The Type 93 Torpedo, colloquially known by military historians as the Long Lance, was easily one of the most high-tech things on or in the water during the whole of WW2. One of the reasons it was considered so advanced was because of its simply ridiculous range compared to other torpedoes of the day.

As you can see using this handy chart, the Type 93 Torpedo had literally double the potential range of the torpedoes the Americans were using at that time. In fact, under the right conditions the Type 93 could, theoretically, hit a target from 8 times further away than the nearest comparable allied torpedo. It was that good.

The range was so unthinkable that when Allied forces first started being hit by these things, they had no idea where the hell they were being fired from. This was because they used their own torpedoes as a frame of reference when it came to gauging where the shots had been fired from.

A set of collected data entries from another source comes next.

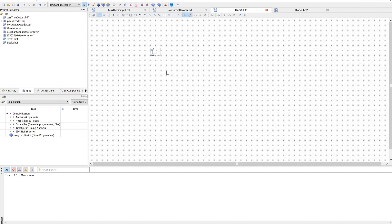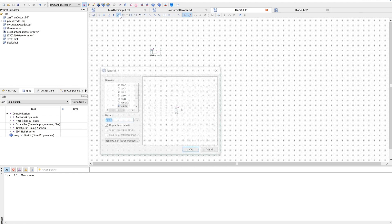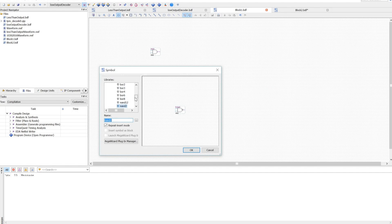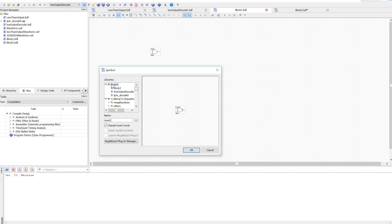I'll go to another file, and there it appears under the project folder in the symbol.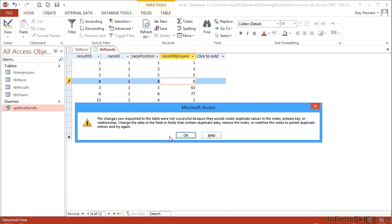because they would create duplicate values in the index, primary key, or the relationship. When it's in the primary key, you can't have that duplication in the primary key. So by making it a primary key formed of two fields, I'm effectively forcing the data to be more robust.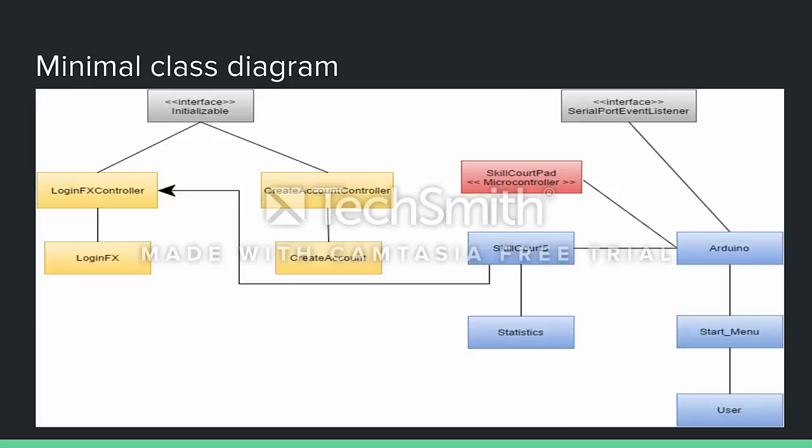Here is our minimal class diagram. In the previous version of SkillCourt, written in the Processing programming language, there were about 14 or 15 classes. We dropped that down dramatically, and in the next iteration — SkillCourt 6 — we hope to eliminate some database classes by sending data directly to the remote database instead of a local one. We also significantly reduced the lines of code: Processing had about 4,000 lines, and we efficiently brought everything down to about 950 to 1,000.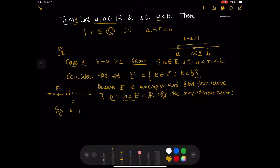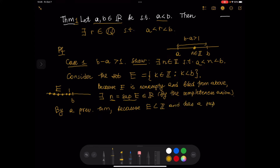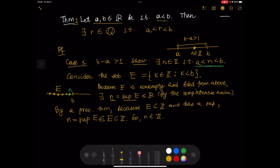By a previous theorem, because E is a subset of ℤ, N equals the supremum of E is an element of E, which means N is an integer. Since N is in E, N is less than B because every element of E is less than B. Now we want to show that N is greater than A.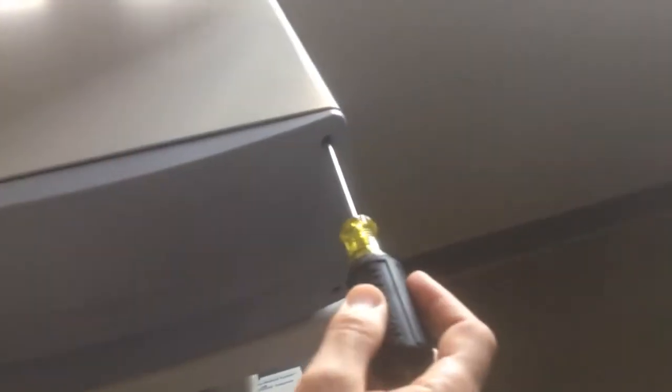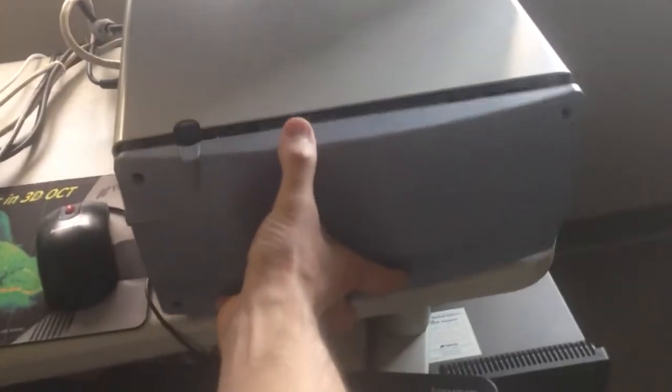One, two, three, and four. Once those are removed, this front plate will come right off.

Since their torpedoes had a range that was (at least) half of what the Type 93 was capable of, when the figures were plotted on a map, the shots would appear as though they were being fired from an empty section of the ocean. This led the Allies to beging assuming that the Japanese were sometimes attacking them from tiny hidden submarines working alongside their various warships.

The Japanese actually had tiny submarines, but that's a story for another day.
The Japanese actually had tiny submarines, but that’s a story for another day.

In fact, intitally, the Allies refused to believe that the Type 93 even existed because its range and power was so unbelievable and it wasn’t uncommon for the Allies to blame hits from Type 93’s on mines. This, coupled with the fact that Type 93 left almost no trail in the water, it was pretty much a secret until about halfway through the war when the Allies captured a bunch of secret Japanese documents detailing its existence. Only then did they realise, “holy crap these things kick all kinds of ass, we have to get our hands on one!”.

However, getting hold of one of the torpedoes proved to be especially difficult because the Japanese had a nasty habit of throwing them overboard as soon as they came under attack. Not because they wanted to protect the valuable science contained inside them mind you, but because they had a habit of randomly exploding if they were knocked nudged about. We honestly wouldn’t be surprised if we found out that, that was a deliberate feature included to ensure that each Type 93 had a 100% kill ratio.